SOURCE RECORDS –

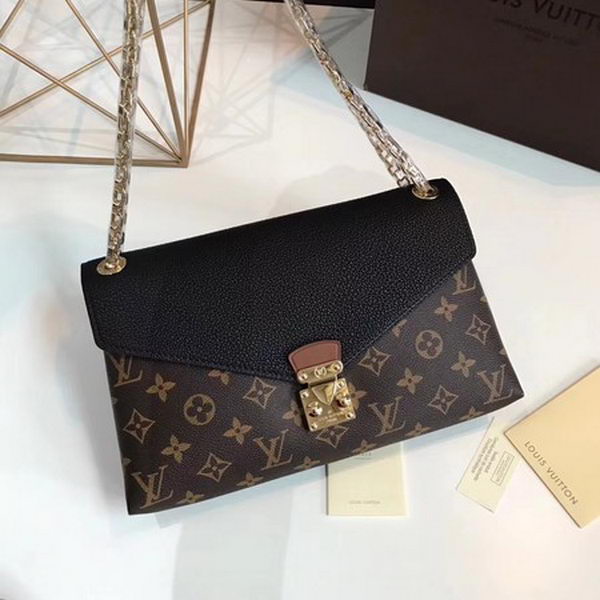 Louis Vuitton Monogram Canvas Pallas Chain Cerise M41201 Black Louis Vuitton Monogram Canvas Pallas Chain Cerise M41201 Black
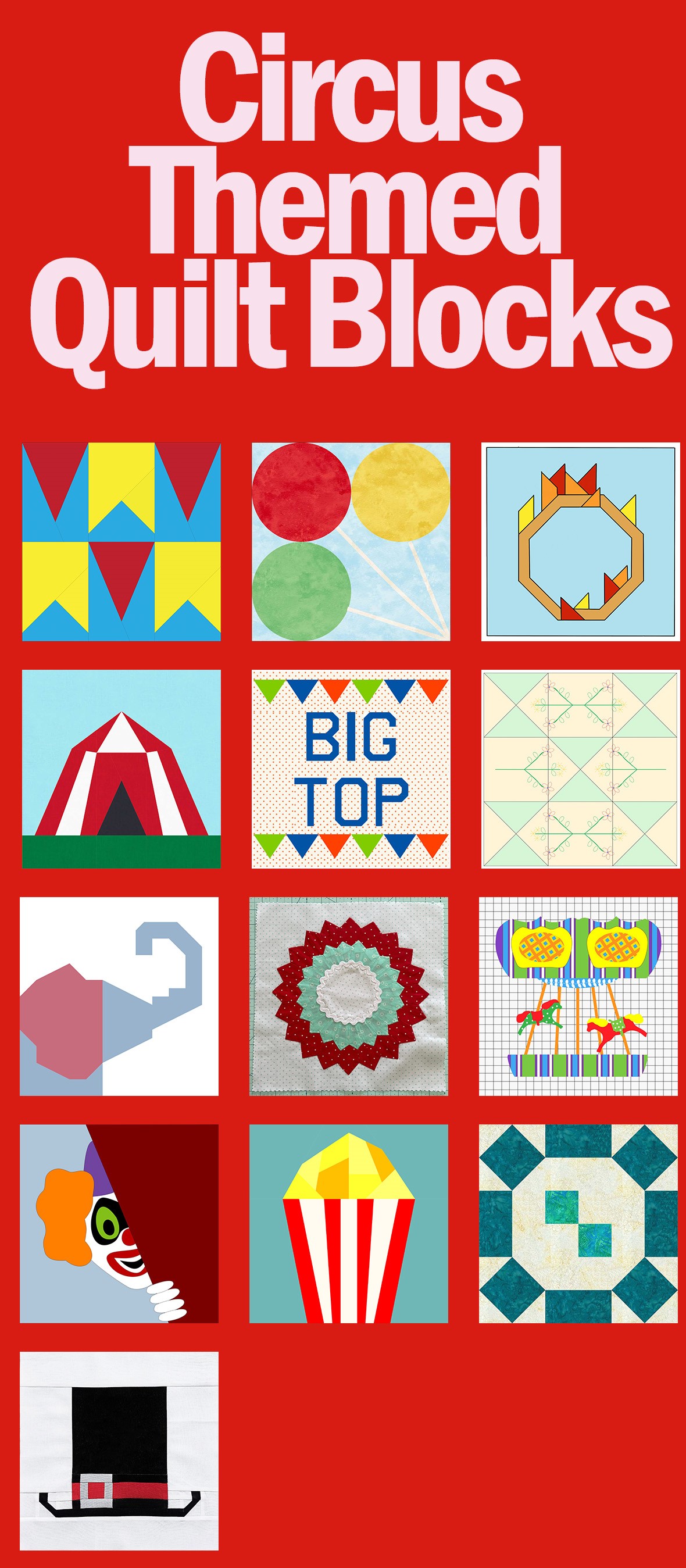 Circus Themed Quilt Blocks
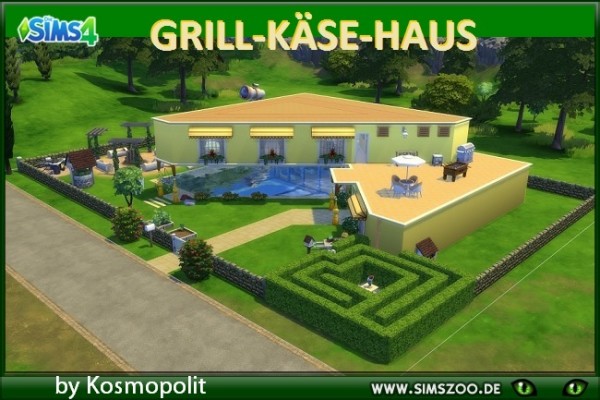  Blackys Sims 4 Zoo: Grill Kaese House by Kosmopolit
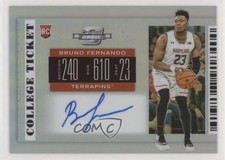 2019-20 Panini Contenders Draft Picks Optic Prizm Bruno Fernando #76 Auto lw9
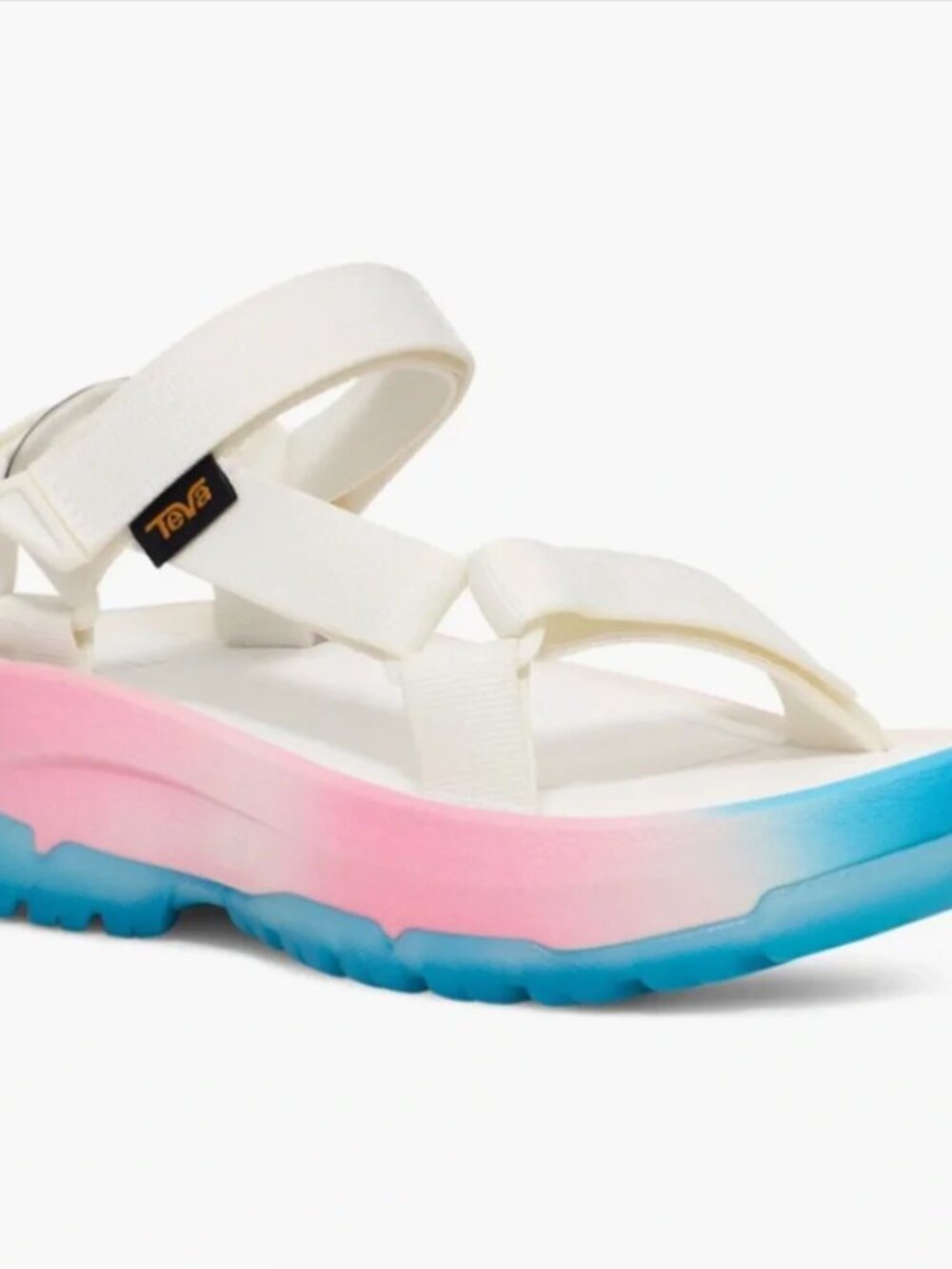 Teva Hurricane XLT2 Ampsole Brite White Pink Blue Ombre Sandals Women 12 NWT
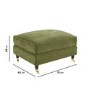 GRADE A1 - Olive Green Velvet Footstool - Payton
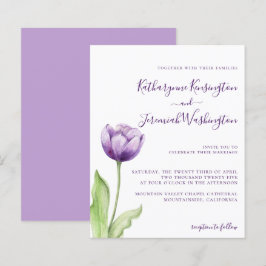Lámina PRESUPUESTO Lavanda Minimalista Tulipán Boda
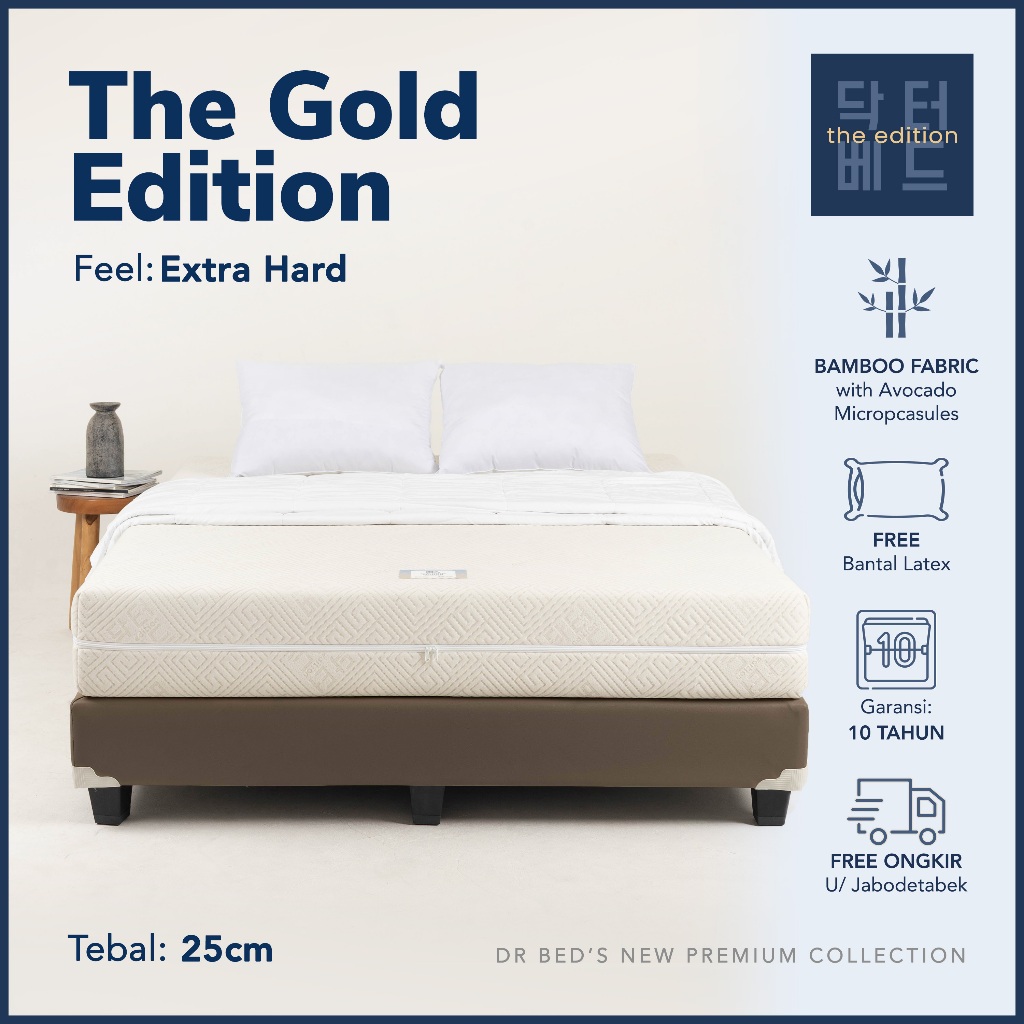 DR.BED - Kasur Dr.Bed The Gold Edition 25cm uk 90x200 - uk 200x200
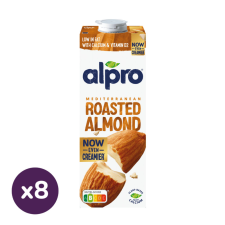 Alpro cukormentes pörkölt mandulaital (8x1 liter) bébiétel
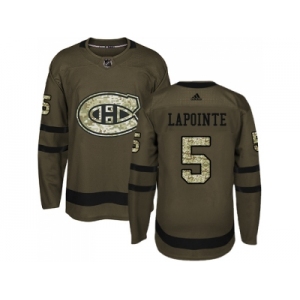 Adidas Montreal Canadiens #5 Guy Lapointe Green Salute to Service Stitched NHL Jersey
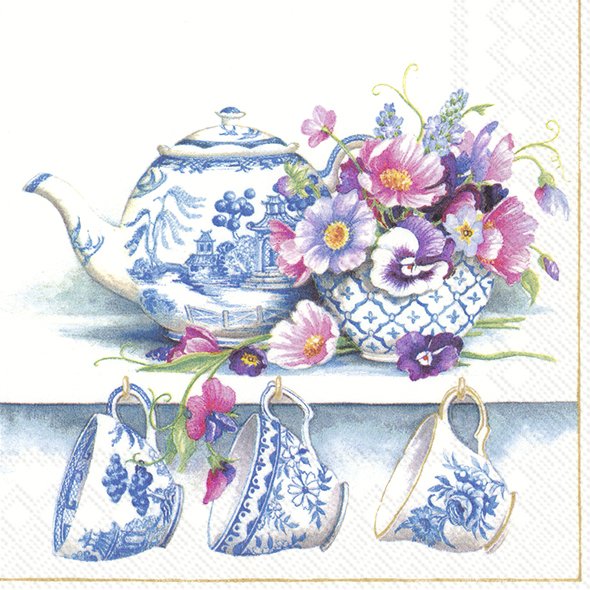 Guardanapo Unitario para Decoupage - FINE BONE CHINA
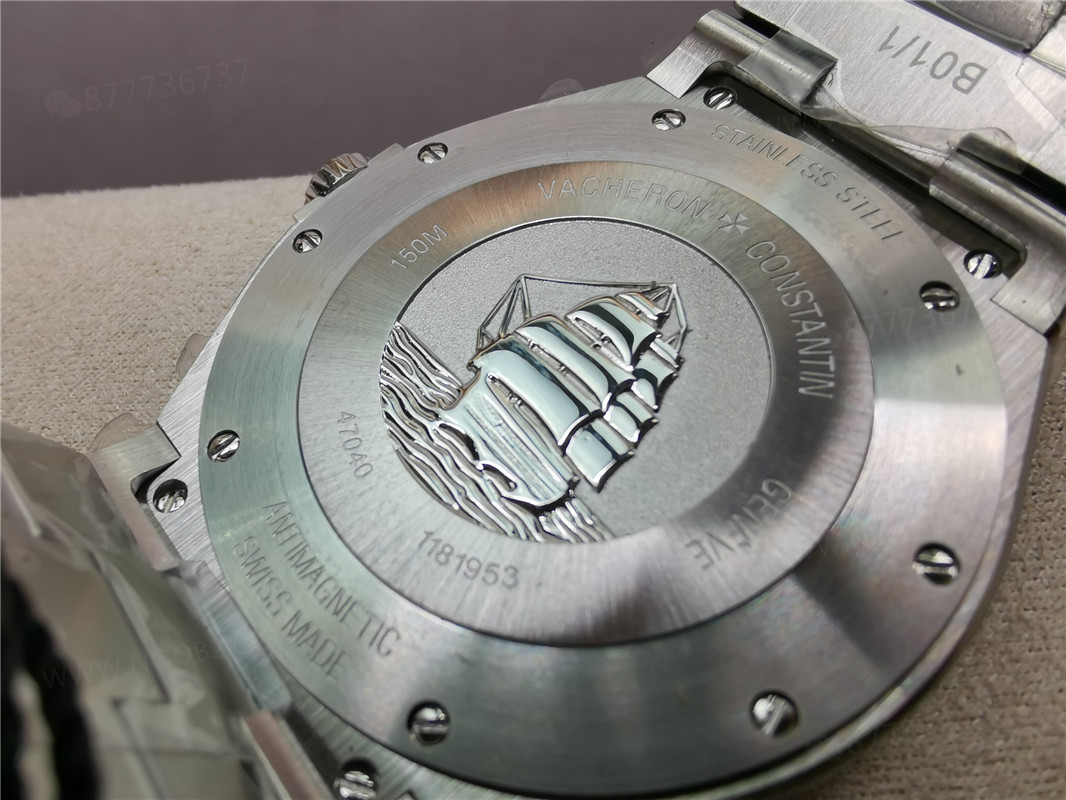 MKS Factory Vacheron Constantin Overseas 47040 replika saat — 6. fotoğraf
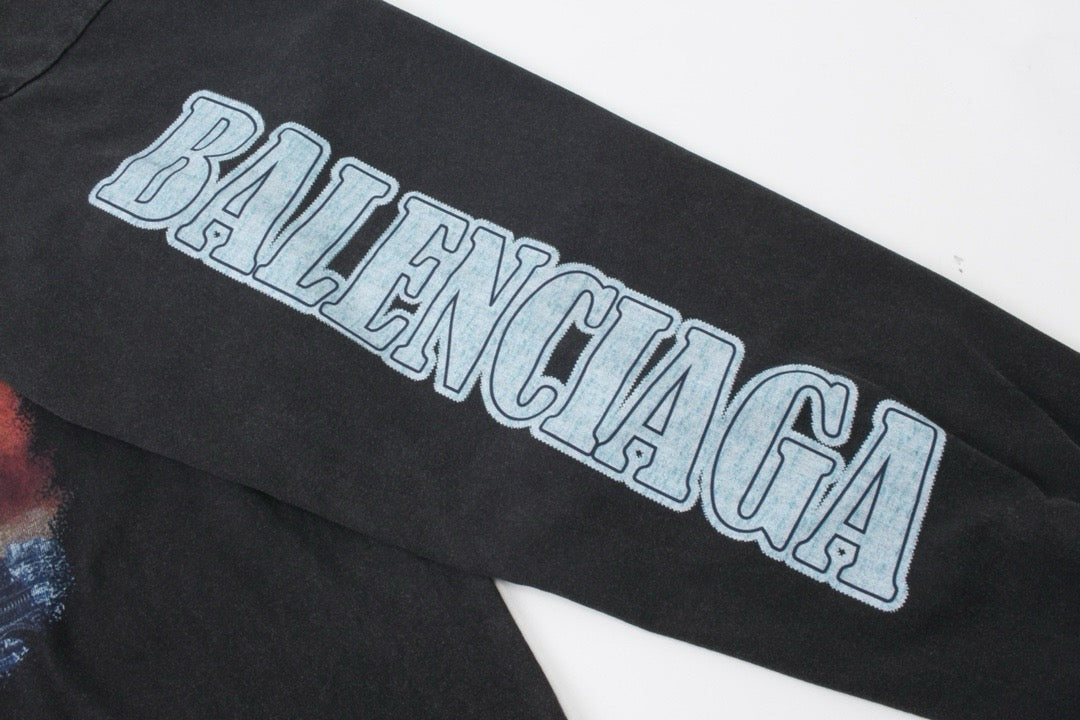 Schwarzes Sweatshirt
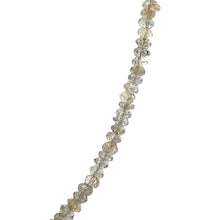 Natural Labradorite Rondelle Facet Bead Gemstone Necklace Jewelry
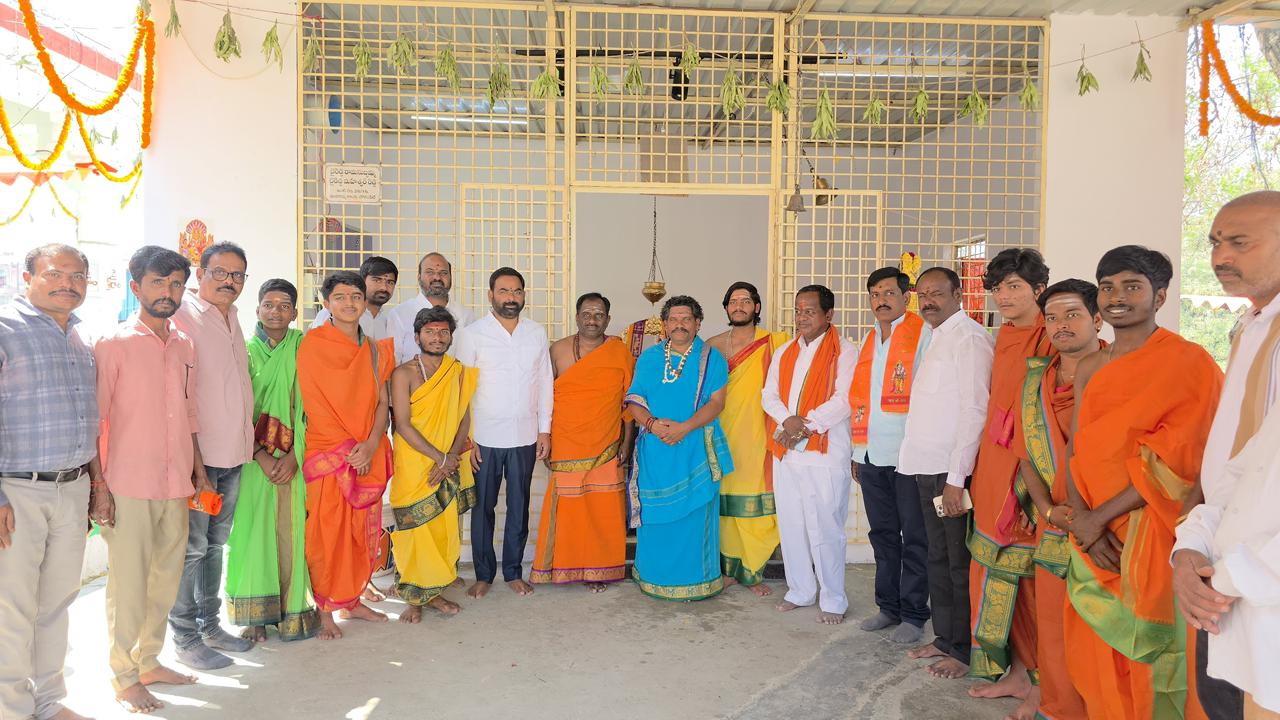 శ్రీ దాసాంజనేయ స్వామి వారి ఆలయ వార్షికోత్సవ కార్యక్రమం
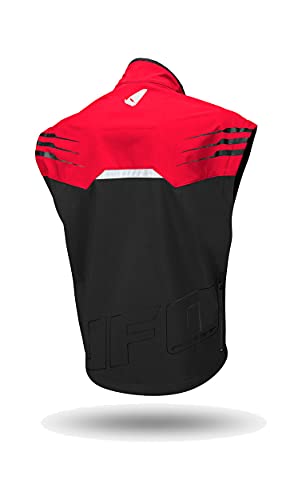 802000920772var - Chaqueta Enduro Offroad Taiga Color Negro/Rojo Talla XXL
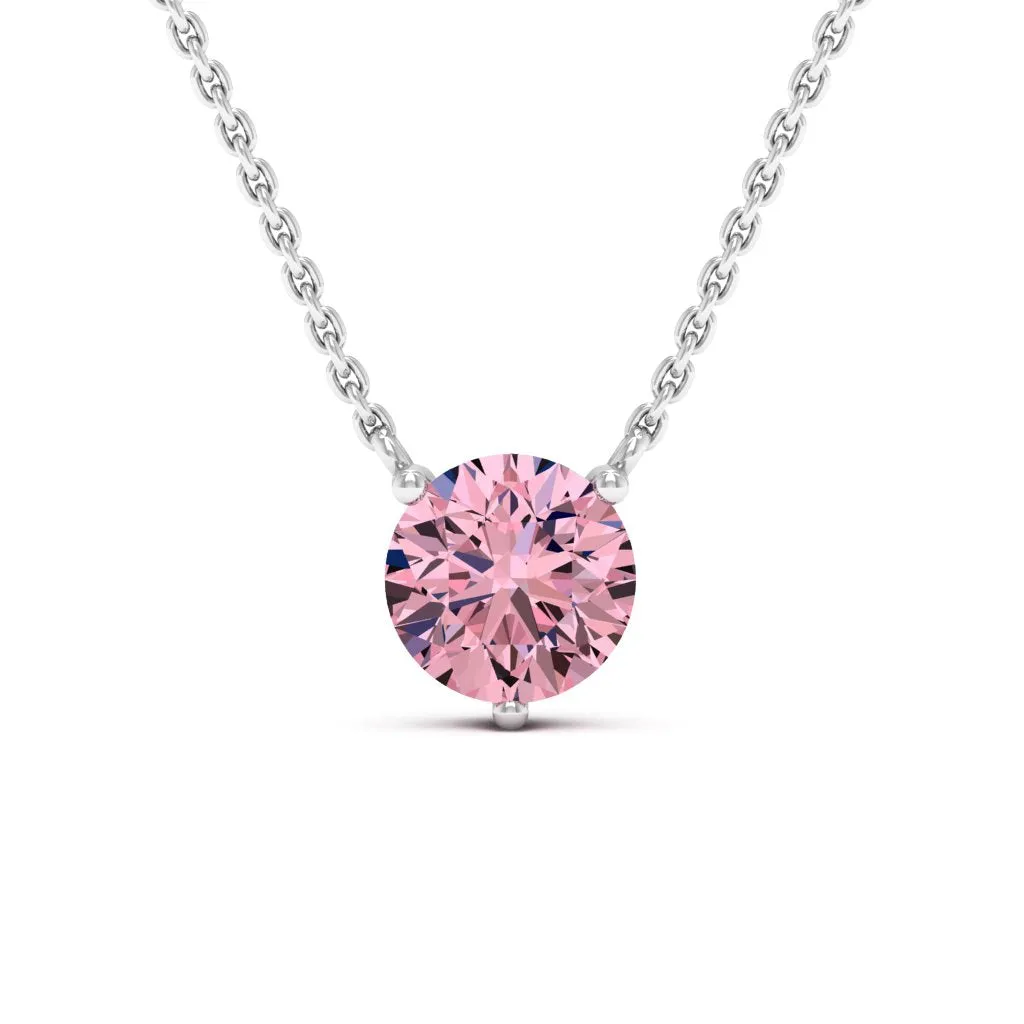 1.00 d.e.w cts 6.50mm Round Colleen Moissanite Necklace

EXERCISE GOAL –
Reproduce, with no pictures, the lines from the one containing "2019-20 Panini Contenders" to the end of the records above, exactly and inclusively.

ANSWER TO THIS TASK –
 2019-20 Panini Contenders Draft Picks Optic Prizm Bruno Fernando #76 Auto lw9
 Teva Hurricane XLT2 Ampsole Brite White Pink Blue Ombre Sandals Women 12 NWT
 GRADE A1 - Olive Green Velvet Footstool - Payton
Lámina PRESUPUESTO Lavanda Minimalista Tulipán Boda
 DR.BED - Kasur Dr.Bed The Gold Edition 25cm uk 90x200 - uk 200x200
 Alpro cukormentes pörkölt mandulaital (8x1 liter) bébiétel
 Adidas Montreal Canadiens #5 Guy Lapointe Green Salute to Service Stitched NHL Jersey
 Guardanapo Unitario para Decoupage - FINE BONE CHINA
 MKS Factory Vacheron Constantin Overseas 47040 replika saat — 6. fotoğraf
 Schwarzes Sweatshirt
 Natural Labradorite Rondelle Facet Bead Gemstone Necklace Jewelry
 శ్రీ దాసాంజనేయ స్వామి వారి ఆలయ వార్షికోత్సవ కార్యక్రమం
 802000920772var - Chaqueta Enduro Offroad Taiga Color Negro/Rojo Talla XXL
 1.00 d.e.w cts 6.50mm Round Colleen Moissanite Necklace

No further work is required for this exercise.